TASK: Only the lines from the start of the data to the line containing "Set of festive", both included, should be output, exactly and without pictures.

---- DATASET

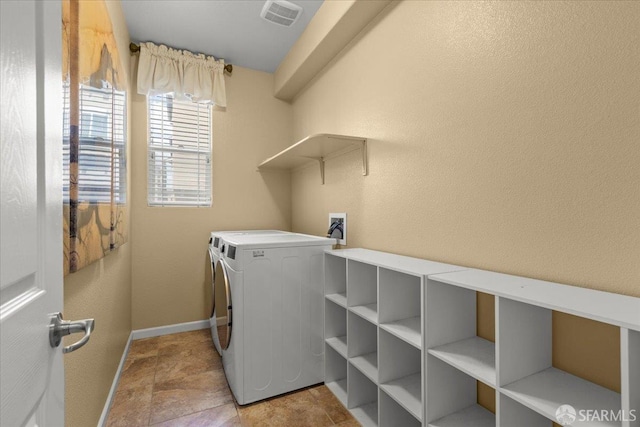 41008 Asilomar Ter, Fremont, CA 94538 - clothes washing area featuring hookup for a washing machine, baseboards, and stone finish floors
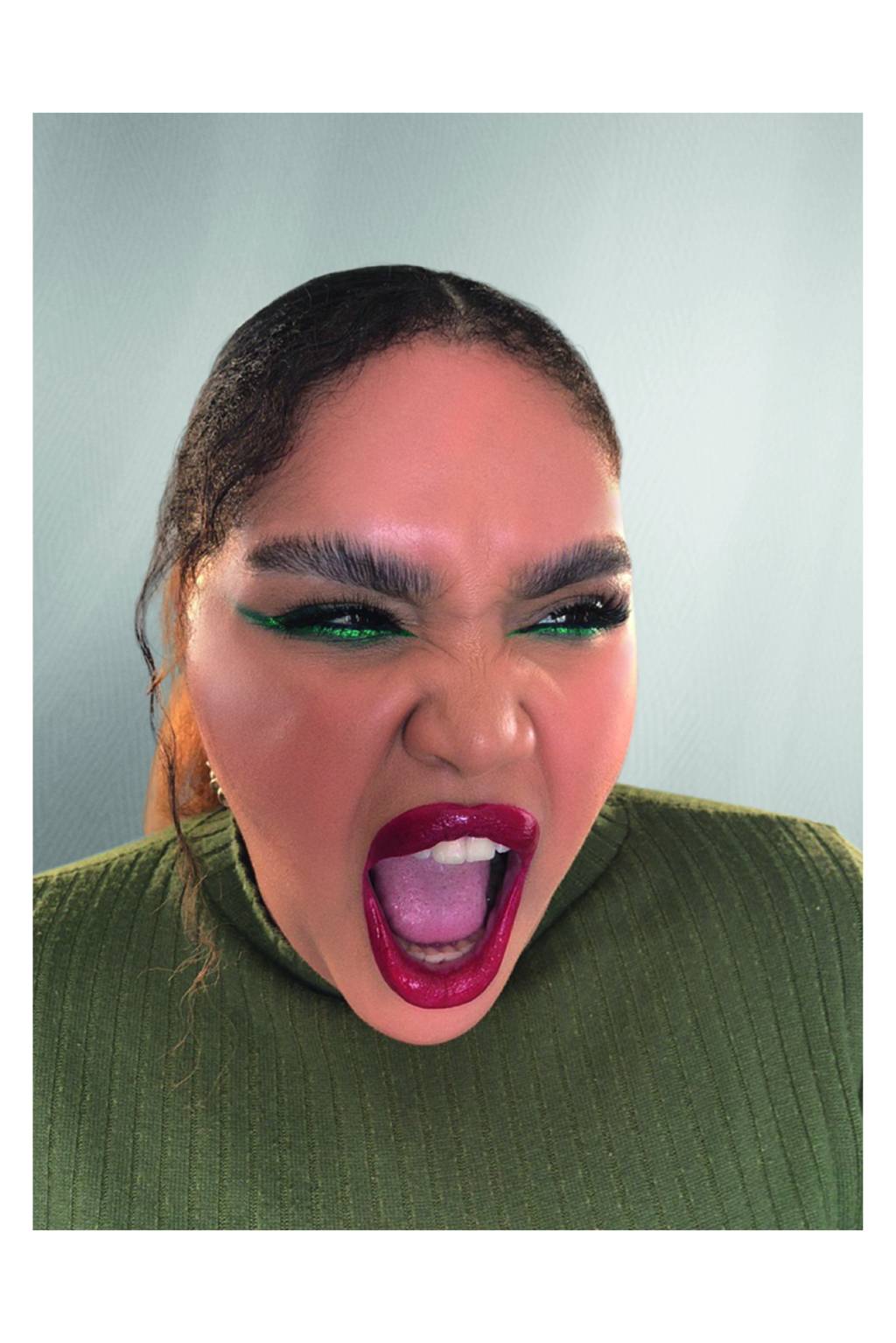 BELEZA Mulher com olho delineado verde e batom vermelho olha para a câmera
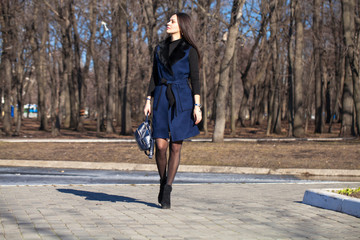 Portrait of a young beautiful woman in blue coat with a bag walking in spring park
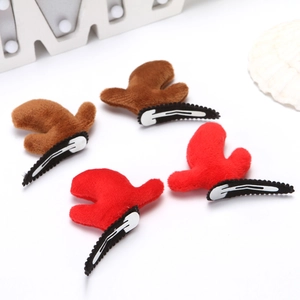 Set of festive red and brown plush reindeer antler hair clips on a white surface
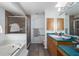 Bathroom featuring a tub, walk-in shower, and vanity with ample counter space at 6114 68Th E Dr, Palmetto, FL 34221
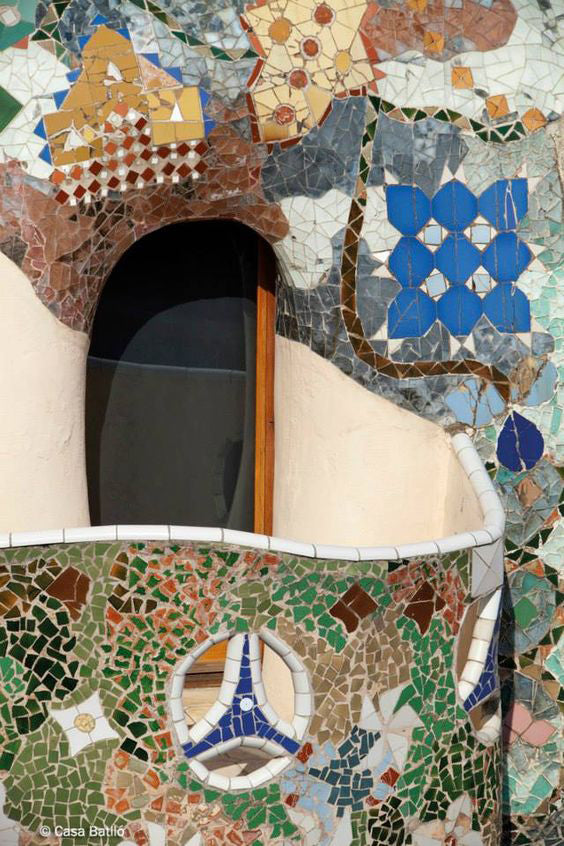 A curving wall covered in colorful broken tile.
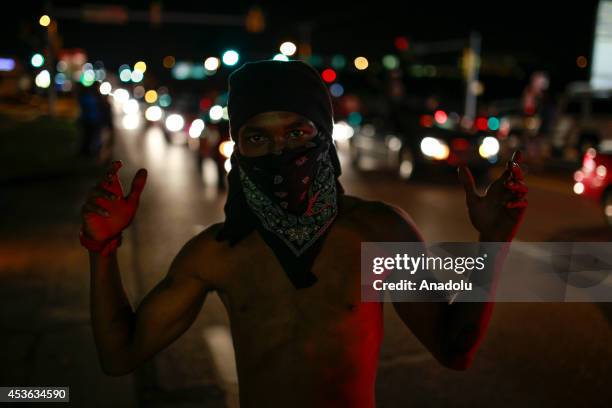 Demonstrator raises his hands during a rally on West Florissant Avenue to protest the shooting death of an unarmed teen by a police officer in...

--------

SOLUTION TO THIS PROBLEM:
 41008 Asilomar Ter, Fremont, CA 94538 - clothes washing area featuring hookup for a washing machine, baseboards, and stone finish floors
 BELEZA Mulher com olho delineado verde e batom vermelho olha para a câmera
 Portrait of a young beautiful woman in blue coat with a bag walking in spring park
 Set of festive red and brown plush reindeer antler hair clips on a white surface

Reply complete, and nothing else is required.